USING THE “LIFESTYLE PROJECT” TO INCREASE ENVIRONMENTAL AWARENESS


EARLE, Steven, Geology, Malaspina University-College, 900 5th St, Nanaimo, BC V9R 5S5, Canada, KIRK, Karin, Department of Earth Sciences, Montana State University, Bozeman, Bozeman, MT 59717 and WRIGHT, Paul, Southampton Solent University, Southampton, United Kingdom, earles@mala.bc.ca

The Lifestyle Project is a tool for helping students understand the kinds of changes that each of us can make to reduce our impact on the environment. Although the project addresses a range of environmental issues, it is particularly applicable to an awareness of our individual contributions to climate change.
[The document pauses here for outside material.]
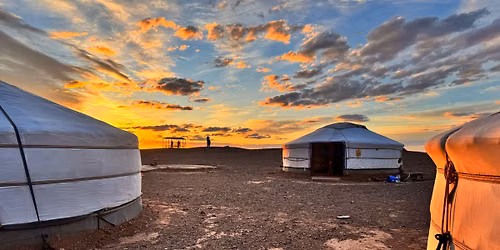 Mongolia \u2013 bezdro\u017cny kraj nomad\u00f3w \/ UAZem i na koniu od pustyni do krainy ludu renifer\u00f3w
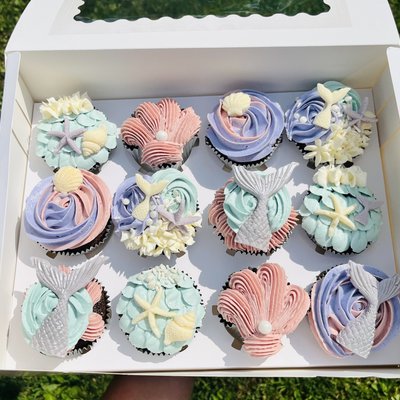 Custom Cupcakes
Completion of the project requires students to make significant changes to their lifestyles—in areas such as transportation, energy use, water use, waste and diet—and to keep a written record of those changes and their personal impacts. A key aspect of the project is that it challenges students to make increasingly stringent changes over a period of several weeks.

We will describe the adaptation of the Lifestyle Project, in both face-to-face and on-line courses, in three different educational settings in the US, Canada and Great Britain. We will discuss how the project works and how students respond to their lifestyle changes; we will also present the results of longitudinal studies into the impact of the project on the participants' behaviours and attitudes.

Some of our findings are as follows: • Students report a growing realization that ‘talk is cheap' and that action is far more challenging. • Most students experience a shift in their awareness—they discover the need to think about their environmental impact before they act. • Many students comment that reducing their environmental impact has time and convenience costs, however some discover that they can actually save time and money, and improve their quality of life, through their efforts to protect the environment. • Some students report that small changes early in the project are easy but substantial changes, made towards the end, are much more difficult. • Students enrolled in an on-line course found that the Lifestyle Project created a strong sense of community and teamwork. • The “take-home” nature of the Lifestyle Project means that its effects commonly extend to family, friends and beyond.